---- Input records
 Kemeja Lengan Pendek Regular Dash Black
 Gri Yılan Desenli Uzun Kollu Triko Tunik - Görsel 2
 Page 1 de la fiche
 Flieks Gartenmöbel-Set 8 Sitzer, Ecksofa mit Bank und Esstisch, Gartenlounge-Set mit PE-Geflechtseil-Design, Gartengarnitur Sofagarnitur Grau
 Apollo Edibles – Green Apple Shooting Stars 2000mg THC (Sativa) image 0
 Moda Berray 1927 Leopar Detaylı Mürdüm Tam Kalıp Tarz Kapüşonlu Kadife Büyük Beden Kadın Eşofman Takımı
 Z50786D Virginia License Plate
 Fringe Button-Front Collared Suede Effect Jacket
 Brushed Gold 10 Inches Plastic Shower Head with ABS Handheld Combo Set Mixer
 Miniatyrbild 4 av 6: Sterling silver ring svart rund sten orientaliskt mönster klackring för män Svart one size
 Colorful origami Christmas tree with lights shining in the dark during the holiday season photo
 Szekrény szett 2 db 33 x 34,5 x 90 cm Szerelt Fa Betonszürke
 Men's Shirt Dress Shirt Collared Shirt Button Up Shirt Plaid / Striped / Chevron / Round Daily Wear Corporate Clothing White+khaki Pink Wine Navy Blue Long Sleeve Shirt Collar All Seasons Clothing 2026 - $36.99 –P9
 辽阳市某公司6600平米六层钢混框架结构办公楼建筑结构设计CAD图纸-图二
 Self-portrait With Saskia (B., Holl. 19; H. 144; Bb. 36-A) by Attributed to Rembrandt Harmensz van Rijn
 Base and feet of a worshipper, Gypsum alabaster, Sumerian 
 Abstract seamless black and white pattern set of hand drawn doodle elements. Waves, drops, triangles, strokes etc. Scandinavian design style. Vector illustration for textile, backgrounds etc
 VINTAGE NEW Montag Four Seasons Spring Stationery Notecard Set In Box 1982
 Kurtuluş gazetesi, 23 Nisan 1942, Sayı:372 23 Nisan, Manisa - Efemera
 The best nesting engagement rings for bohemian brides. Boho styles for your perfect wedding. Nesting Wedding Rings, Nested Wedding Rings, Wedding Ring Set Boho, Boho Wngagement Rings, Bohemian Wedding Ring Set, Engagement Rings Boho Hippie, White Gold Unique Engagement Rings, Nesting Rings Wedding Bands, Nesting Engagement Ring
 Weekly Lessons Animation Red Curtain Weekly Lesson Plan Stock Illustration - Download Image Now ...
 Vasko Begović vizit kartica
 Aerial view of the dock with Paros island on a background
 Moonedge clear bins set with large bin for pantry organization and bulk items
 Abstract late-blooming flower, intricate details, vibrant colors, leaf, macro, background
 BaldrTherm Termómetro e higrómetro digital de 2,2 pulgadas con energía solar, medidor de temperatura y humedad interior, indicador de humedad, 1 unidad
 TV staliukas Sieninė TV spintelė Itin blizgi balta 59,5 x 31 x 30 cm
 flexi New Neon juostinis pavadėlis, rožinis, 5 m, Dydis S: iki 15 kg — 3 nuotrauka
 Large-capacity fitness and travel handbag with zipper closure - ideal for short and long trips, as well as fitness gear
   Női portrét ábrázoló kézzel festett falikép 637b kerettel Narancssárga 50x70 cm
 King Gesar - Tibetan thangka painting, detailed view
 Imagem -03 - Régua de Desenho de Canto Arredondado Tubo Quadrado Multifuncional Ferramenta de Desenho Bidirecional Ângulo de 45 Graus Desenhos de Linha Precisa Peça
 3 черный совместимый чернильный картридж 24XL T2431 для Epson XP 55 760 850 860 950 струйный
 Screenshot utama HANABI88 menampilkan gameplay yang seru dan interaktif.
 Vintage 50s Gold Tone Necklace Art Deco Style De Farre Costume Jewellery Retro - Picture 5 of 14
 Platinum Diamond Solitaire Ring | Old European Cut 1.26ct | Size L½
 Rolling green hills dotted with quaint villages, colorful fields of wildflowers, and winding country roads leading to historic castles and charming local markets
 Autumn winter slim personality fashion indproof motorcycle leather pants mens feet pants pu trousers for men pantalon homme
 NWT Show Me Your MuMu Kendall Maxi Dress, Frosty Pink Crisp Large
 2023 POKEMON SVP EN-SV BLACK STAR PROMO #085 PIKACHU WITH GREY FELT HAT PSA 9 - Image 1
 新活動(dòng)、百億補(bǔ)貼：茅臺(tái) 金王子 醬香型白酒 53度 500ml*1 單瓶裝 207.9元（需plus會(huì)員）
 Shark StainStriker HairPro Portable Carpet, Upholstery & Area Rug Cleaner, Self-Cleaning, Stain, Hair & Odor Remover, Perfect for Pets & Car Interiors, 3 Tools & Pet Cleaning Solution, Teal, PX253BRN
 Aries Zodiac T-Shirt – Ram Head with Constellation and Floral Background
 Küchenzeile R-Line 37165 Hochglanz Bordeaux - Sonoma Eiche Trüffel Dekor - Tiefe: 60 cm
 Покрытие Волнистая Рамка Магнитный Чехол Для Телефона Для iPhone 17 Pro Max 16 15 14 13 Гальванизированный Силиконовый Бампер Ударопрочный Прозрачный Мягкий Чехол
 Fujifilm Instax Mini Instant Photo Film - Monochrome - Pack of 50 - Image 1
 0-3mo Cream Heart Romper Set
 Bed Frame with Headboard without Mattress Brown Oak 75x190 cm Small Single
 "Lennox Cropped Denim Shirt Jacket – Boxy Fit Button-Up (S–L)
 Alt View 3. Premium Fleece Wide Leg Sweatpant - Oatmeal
--------
» **Assigned task**
Every line of the records should be reproduced exactly.

» **Answer to this problem**
 Kemeja Lengan Pendek Regular Dash Black
 Gri Yılan Desenli Uzun Kollu Triko Tunik - Görsel 2
 Page 1 de la fiche
 Flieks Gartenmöbel-Set 8 Sitzer, Ecksofa mit Bank und Esstisch, Gartenlounge-Set mit PE-Geflechtseil-Design, Gartengarnitur Sofagarnitur Grau
 Apollo Edibles – Green Apple Shooting Stars 2000mg THC (Sativa) image 0
 Moda Berray 1927 Leopar Detaylı Mürdüm Tam Kalıp Tarz Kapüşonlu Kadife Büyük Beden Kadın Eşofman Takımı
 Z50786D Virginia License Plate
 Fringe Button-Front Collared Suede Effect Jacket
 Brushed Gold 10 Inches Plastic Shower Head with ABS Handheld Combo Set Mixer
 Miniatyrbild 4 av 6: Sterling silver ring svart rund sten orientaliskt mönster klackring för män Svart one size
 Colorful origami Christmas tree with lights shining in the dark during the holiday season photo
 Szekrény szett 2 db 33 x 34,5 x 90 cm Szerelt Fa Betonszürke
 Men's Shirt Dress Shirt Collared Shirt Button Up Shirt Plaid / Striped / Chevron / Round Daily Wear Corporate Clothing White+khaki Pink Wine Navy Blue Long Sleeve Shirt Collar All Seasons Clothing 2026 - $36.99 –P9
 辽阳市某公司6600平米六层钢混框架结构办公楼建筑结构设计CAD图纸-图二
 Self-portrait With Saskia (B., Holl. 19; H. 144; Bb. 36-A) by Attributed to Rembrandt Harmensz van Rijn
 Base and feet of a worshipper, Gypsum alabaster, Sumerian 
 Abstract seamless black and white pattern set of hand drawn doodle elements. Waves, drops, triangles, strokes etc. Scandinavian design style. Vector illustration for textile, backgrounds etc
 VINTAGE NEW Montag Four Seasons Spring Stationery Notecard Set In Box 1982
 Kurtuluş gazetesi, 23 Nisan 1942, Sayı:372 23 Nisan, Manisa - Efemera
 The best nesting engagement rings for bohemian brides. Boho styles for your perfect wedding. Nesting Wedding Rings, Nested Wedding Rings, Wedding Ring Set Boho, Boho Wngagement Rings, Bohemian Wedding Ring Set, Engagement Rings Boho Hippie, White Gold Unique Engagement Rings, Nesting Rings Wedding Bands, Nesting Engagement Ring
 Weekly Lessons Animation Red Curtain Weekly Lesson Plan Stock Illustration - Download Image Now ...
 Vasko Begović vizit kartica
 Aerial view of the dock with Paros island on a background
 Moonedge clear bins set with large bin for pantry organization and bulk items
 Abstract late-blooming flower, intricate details, vibrant colors, leaf, macro, background
 BaldrTherm Termómetro e higrómetro digital de 2,2 pulgadas con energía solar, medidor de temperatura y humedad interior, indicador de humedad, 1 unidad
 TV staliukas Sieninė TV spintelė Itin blizgi balta 59,5 x 31 x 30 cm
 flexi New Neon juostinis pavadėlis, rožinis, 5 m, Dydis S: iki 15 kg — 3 nuotrauka
 Large-capacity fitness and travel handbag with zipper closure - ideal for short and long trips, as well as fitness gear
   Női portrét ábrázoló kézzel festett falikép 637b kerettel Narancssárga 50x70 cm
 King Gesar - Tibetan thangka painting, detailed view
 Imagem -03 - Régua de Desenho de Canto Arredondado Tubo Quadrado Multifuncional Ferramenta de Desenho Bidirecional Ângulo de 45 Graus Desenhos de Linha Precisa Peça
 3 черный совместимый чернильный картридж 24XL T2431 для Epson XP 55 760 850 860 950 струйный
 Screenshot utama HANABI88 menampilkan gameplay yang seru dan interaktif.
 Vintage 50s Gold Tone Necklace Art Deco Style De Farre Costume Jewellery Retro - Picture 5 of 14
 Platinum Diamond Solitaire Ring | Old European Cut 1.26ct | Size L½
 Rolling green hills dotted with quaint villages, colorful fields of wildflowers, and winding country roads leading to historic castles and charming local markets
 Autumn winter slim personality fashion indproof motorcycle leather pants mens feet pants pu trousers for men pantalon homme
 NWT Show Me Your MuMu Kendall Maxi Dress, Frosty Pink Crisp Large
 2023 POKEMON SVP EN-SV BLACK STAR PROMO #085 PIKACHU WITH GREY FELT HAT PSA 9 - Image 1
 新活動(dòng)、百億補(bǔ)貼：茅臺(tái) 金王子 醬香型白酒 53度 500ml*1 單瓶裝 207.9元（需plus會(huì)員）
 Shark StainStriker HairPro Portable Carpet, Upholstery & Area Rug Cleaner, Self-Cleaning, Stain, Hair & Odor Remover, Perfect for Pets & Car Interiors, 3 Tools & Pet Cleaning Solution, Teal, PX253BRN
 Aries Zodiac T-Shirt – Ram Head with Constellation and Floral Background
 Küchenzeile R-Line 37165 Hochglanz Bordeaux - Sonoma Eiche Trüffel Dekor - Tiefe: 60 cm
 Покрытие Волнистая Рамка Магнитный Чехол Для Телефона Для iPhone 17 Pro Max 16 15 14 13 Гальванизированный Силиконовый Бампер Ударопрочный Прозрачный Мягкий Чехол
 Fujifilm Instax Mini Instant Photo Film - Monochrome - Pack of 50 - Image 1
 0-3mo Cream Heart Romper Set
 Bed Frame with Headboard without Mattress Brown Oak 75x190 cm Small Single
 "Lennox Cropped Denim Shirt Jacket – Boxy Fit Button-Up (S–L)
 Alt View 3. Premium Fleece Wide Leg Sweatpant - Oatmeal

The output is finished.